LINDAU, Germany — Fields of grapes in terraced vineyards stretched for miles. On the other side of the smooth and level bike path lay the water, reflecting jagged, snow-covered Alps. Just as heat and hunger began to overwhelm us, we came upon a hotel nestled in the woods.

In a tearoom we ate raspberry chocolate torte and looked out the open window: On a broad terrace along the sun-stroked lake, waiters served lunch, surrounded by palms, hibiscus and bougainvillea.

This scene is not what I expected when I chose Germany. After several earlier trips, I thought I knew something about the country. But this corner of southernmost Germany is different, unknown to many American travelers. Here it is warm enough to grow lemons and tropical flowers.

The Germans liken this area to the Mediterranean, and it is among their favorite vacation spots. They call the water the Bodensee. In English it is known as Lake Constance or Konstanz. The 46-mile-long lake is a giant indentation gouged by a glacier during the Ice Age and filled by the flow of the Rhine.

During the hot summer, the water absorbs the heat, then releases it slowly as temperatures cool.
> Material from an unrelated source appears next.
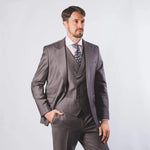 Vincent Peak Lapel Occasion Suit Grey - John Victor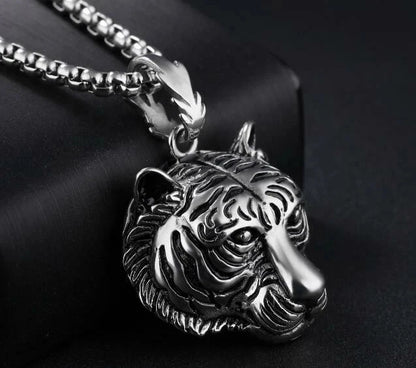 Gothic Men's Stainless Steel Solid Tiger Head Pendant Chain Necklace Casting 24'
From nearly any German land along the 125-mile shoreline, you can see the snowcapped Alps of Switzerland and Austria.

The beauty of the place is further enhanced by architecture that in some cases dates back to the Romans and that was spared during World War II because of the Allies' reluctance to risk an errant bombing of nearby Switzerland.

Our trip began in Frankfurt, which I had visited before, so the next day, we left for the Bodensee. Walking around this ancient town, my husband, Bruce Alpert, our 8-year-old daughter, Madeline, and I caught a glimpse of bike paths leading out of town. We were hooked.
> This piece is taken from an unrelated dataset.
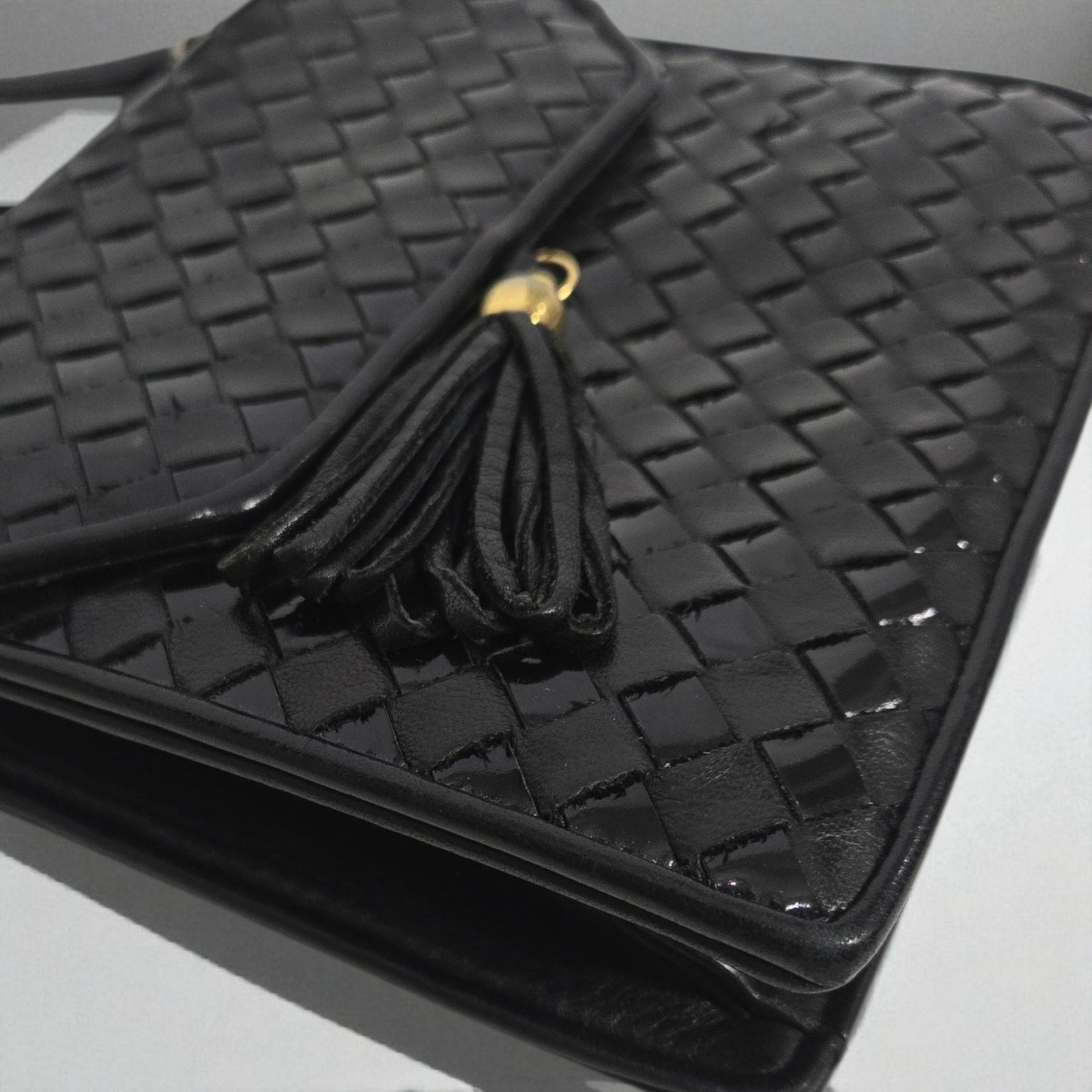 Vintage Talbots Woven Tassel Bag Black Leather Crossbody Mini Box Square Snap Flap Envelope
The bike rental store at the train station did not rent helmets. We hesitated to buy them, but I'm glad we did. The day was a highlight of all our family vacations.
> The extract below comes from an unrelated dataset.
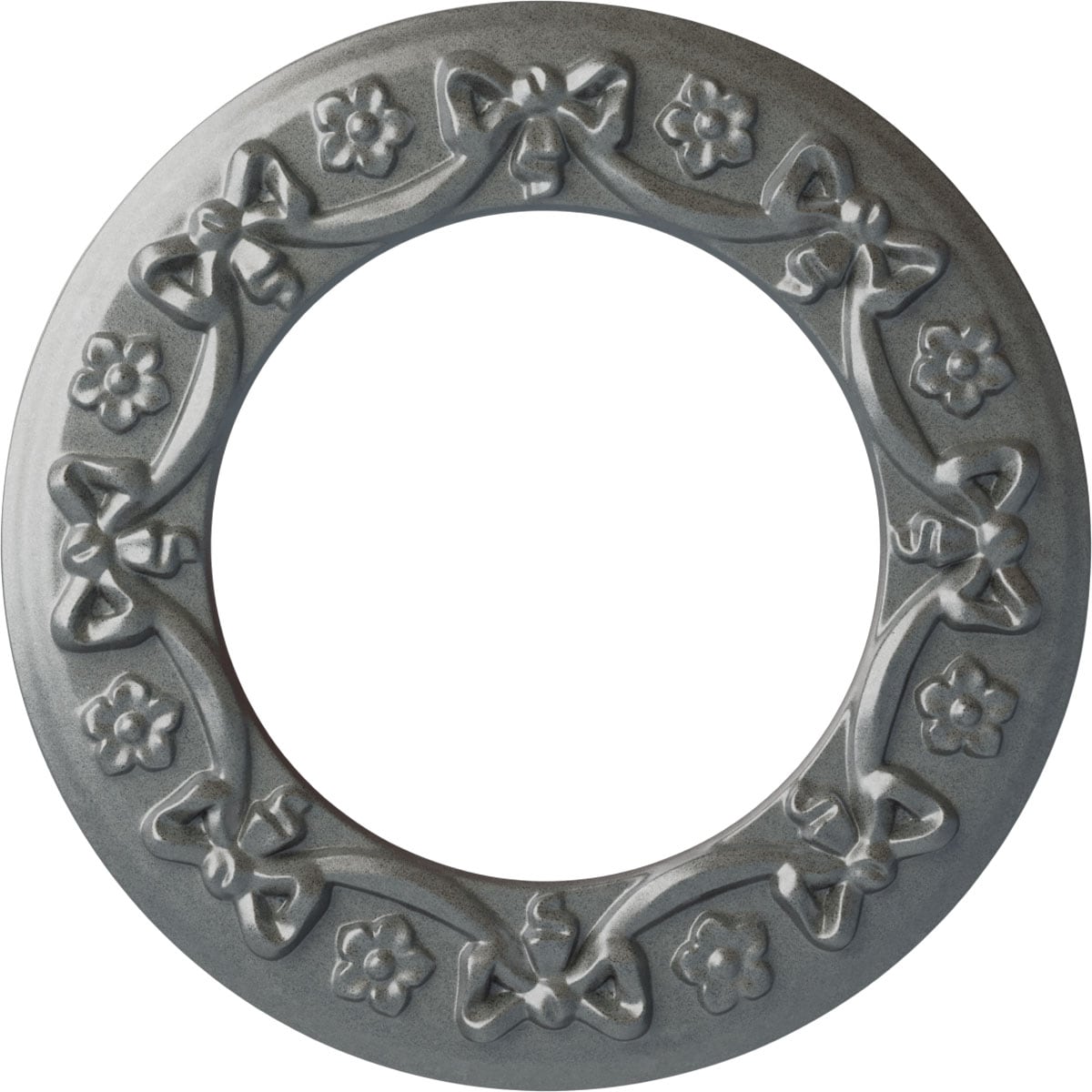 Ekena Millwork CM12RIPLS Ribbon with Bow 12.25-in W x 12.25-in L Painted Platinum Polyurethane Whole Ceiling Medallion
The combination of lake and mountains, vineyards, trees and flowers was unsurpassed in our biking history, heightened by the sense of wonder when we turned a corner and unexpectedly found old mansions and beautiful homes and guest houses.

We had allowed three days to explore six towns along the lake, biking, swimming, strolling and, except for the first night, finding places to stay as we went. As we biked, I wished we had scheduled a few more days. But perhaps my wish was unrealistic. About four miles out and still at least a mile or so from Wasserburg, Madeline ran out of steam.